DATA:
========

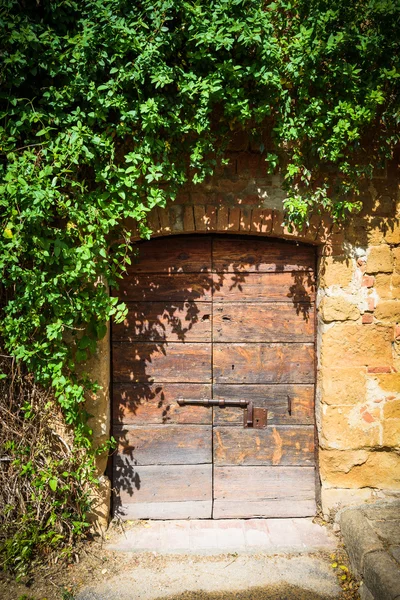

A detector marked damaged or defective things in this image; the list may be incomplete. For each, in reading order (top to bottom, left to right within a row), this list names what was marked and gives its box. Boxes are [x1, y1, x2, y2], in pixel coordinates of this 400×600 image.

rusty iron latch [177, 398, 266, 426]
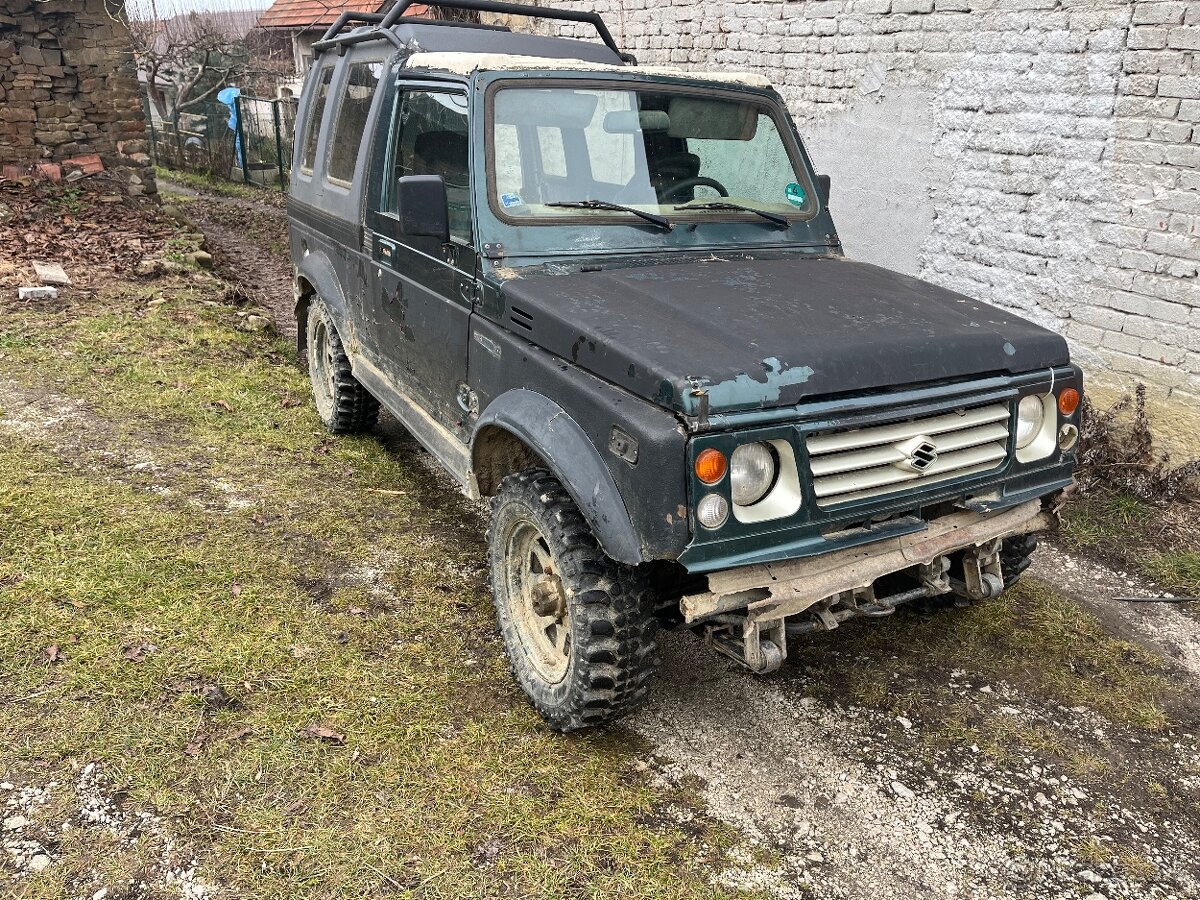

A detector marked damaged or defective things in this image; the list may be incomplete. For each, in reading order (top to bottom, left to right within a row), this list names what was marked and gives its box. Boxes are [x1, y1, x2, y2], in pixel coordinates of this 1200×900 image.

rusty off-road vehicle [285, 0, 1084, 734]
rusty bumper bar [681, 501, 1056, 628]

========

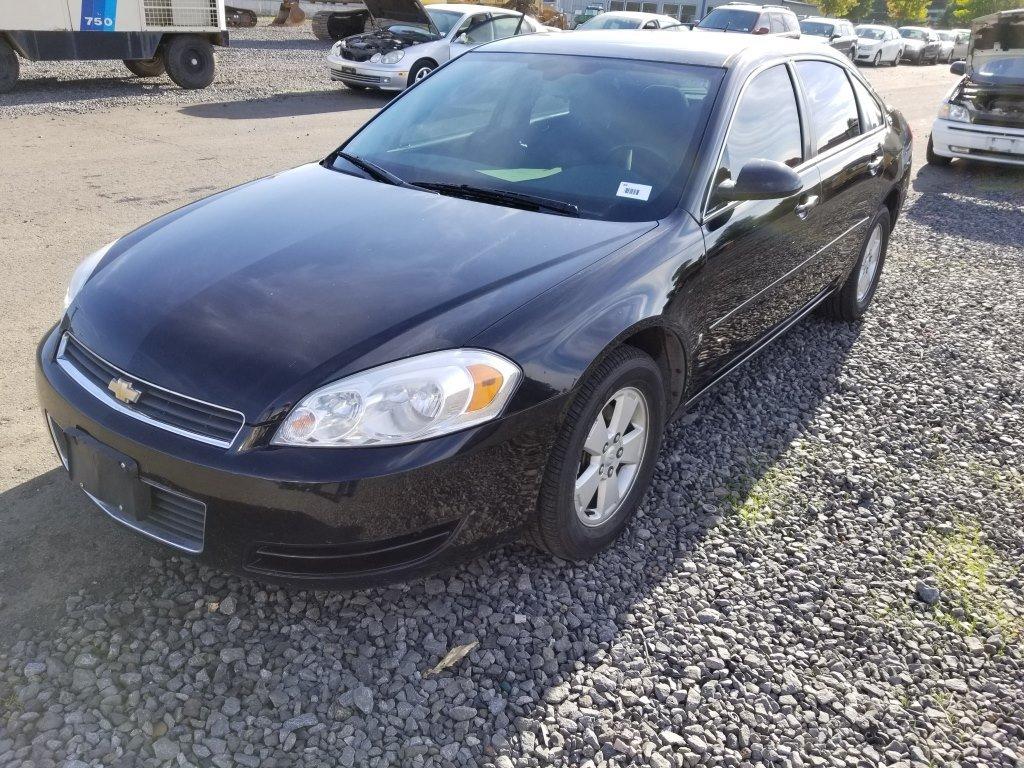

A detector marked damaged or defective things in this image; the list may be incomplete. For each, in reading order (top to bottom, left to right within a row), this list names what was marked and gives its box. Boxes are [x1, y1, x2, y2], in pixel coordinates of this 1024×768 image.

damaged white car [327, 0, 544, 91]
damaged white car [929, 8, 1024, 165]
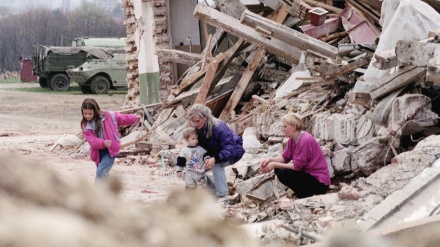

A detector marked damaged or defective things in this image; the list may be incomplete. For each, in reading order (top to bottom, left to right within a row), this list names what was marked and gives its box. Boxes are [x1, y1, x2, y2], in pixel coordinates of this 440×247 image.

========

WHAT IS REQUIRED:
Beginning at the line above that contains "this 1024×768 image.", repeat each line exactly through the one that contains "this 440×247 image.", and leave out the pictures.

RESULT OF THIS TASK:
A detector marked damaged or defective things in this image; the list may be incomplete. For each, in reading order (top to bottom, left to right within a row), this list names what was marked and gives its box. Boxes are [x1, y1, x2, y2], in pixel coordinates of this 1024×768 image.

damaged white car [327, 0, 544, 91]
damaged white car [929, 8, 1024, 165]

A detector marked damaged or defective things in this image; the list may be incomplete. For each, in reading order (top to bottom, left to right within a row), this list names what was marked and gives its box. Boxes are [x1, y1, x2, y2], in pixel coordinates of this 440×247 image.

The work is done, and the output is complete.